Yong-pal: Episode 8
There’s no dearth of feelings in this episode, and jealousy is to blame as a catalyst for most of them. But everyone who formerly wanted a piece of Yeo-jin now thinks they can do without her, even our hero—though he never sacrifices who he is at her expense, and even when he tries, the results are actually pretty endearing. A hero who can commit to everything except for being a bad person is a keeper, and Yeo-jin’s certainly got enough people (even a nun!) telling her so. Some things you gotta just figure out for yourself.
EPISODE 8 RECAP
Since Tae-hyun is still a patient in the hospital, Nurse Oh and the head nurse giggle as she tickles his nose with a lavender branch in an attempt to wake him up. Tae-hyun deadpans from his non-sleep that he’d sneeze and bust his stitches, to which Nurse Oh is all, Shut up, you’re fine.

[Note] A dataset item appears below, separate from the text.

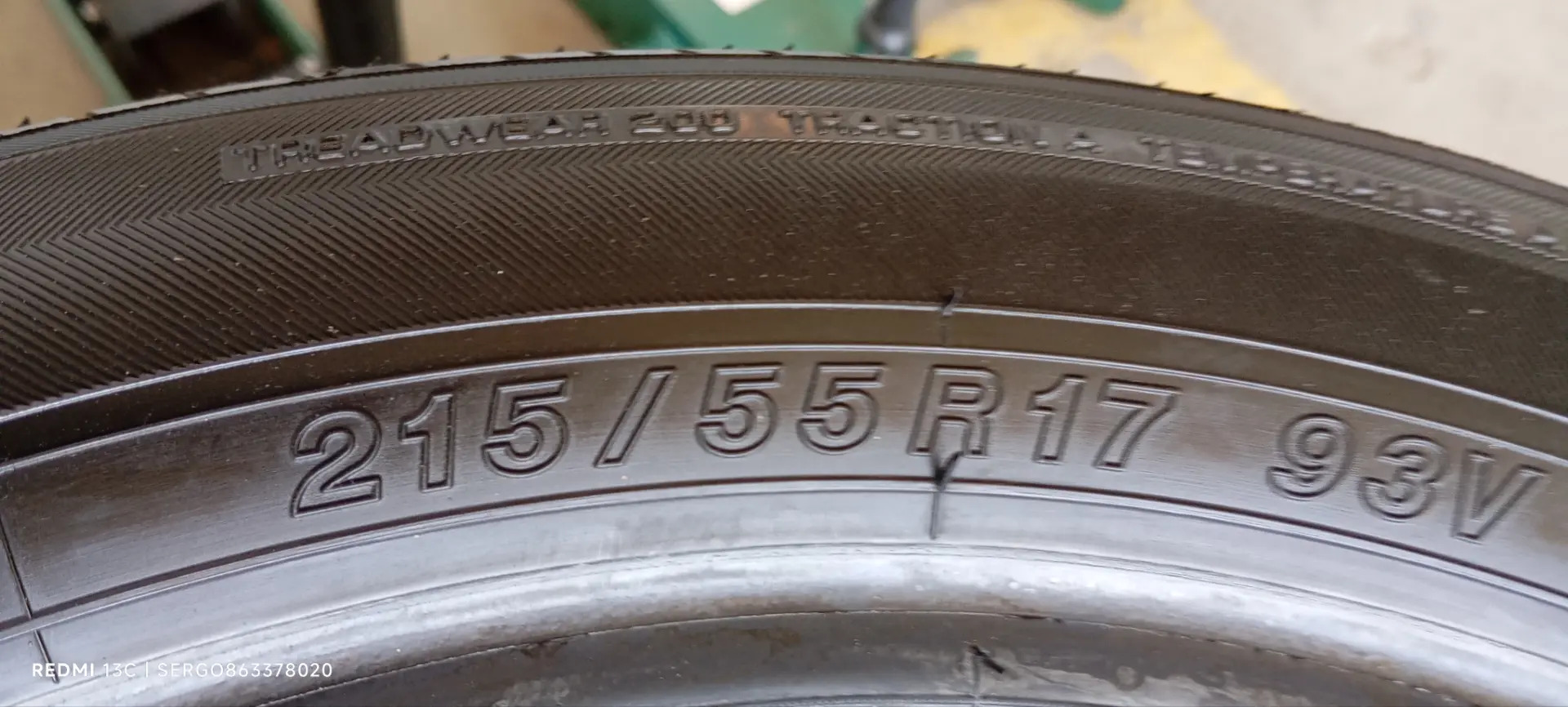 Yokohama 215 55 17 4şt Ýyly23 2 600 TMT - Гарадамак - img 4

But his team disperses when Chae-young comes to pay him a visit, and she teasingly calls him a turncoat for sending her out of the hospital that fateful night, even though it was to save her life. She recognizes that now and thanks him, but says that he now owes her for saving his life.

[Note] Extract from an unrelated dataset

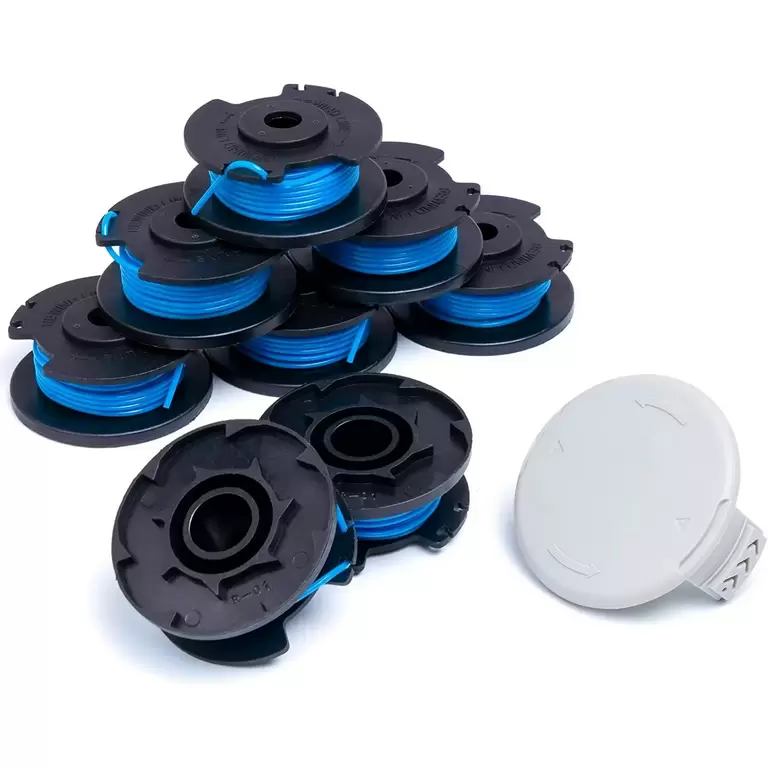 X HOME TRIMMER SPOOLS & CAP 11FT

He doesn’t understand at first, until Chae-young points out that all this personalized medical attention he’s getting isn’t free. Tae-hyun says he’ll pay her back, prompting her to place her hand on his, flutter her eyelids, and ask how he’ll pay her back.

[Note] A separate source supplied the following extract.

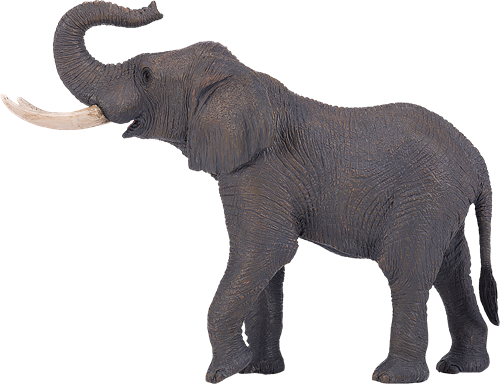 Mojo Wildlife speelgoed Afrikaanse Olifant - 381005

Tae-hyun takes his hand out of hers and jokes that it won’t be like that, but their flirty banter catches the attention of Yeo-jin. She is not happy.
Nurse Oh helps keep up the ruse that Yeo-jin is the comatose factory worker who tried to commit suicide, though she finds a difficult patient in her since Yeo-jin won’t eat or drink anything. She reports that to Tae-hyun, who rises out of bed despite his still-healing injury.
Everyone’s having Yeo-jin-based hallucinations now, since Chief Lee finds himself hearing echoes of her whispering “Murderer” at him when he goes to her room.
He pulls back the bed sheet expecting to see the dummy, but instead finds her there, staring right into his soul. But then he wakes up from his creepy dream, safe and sound in his office.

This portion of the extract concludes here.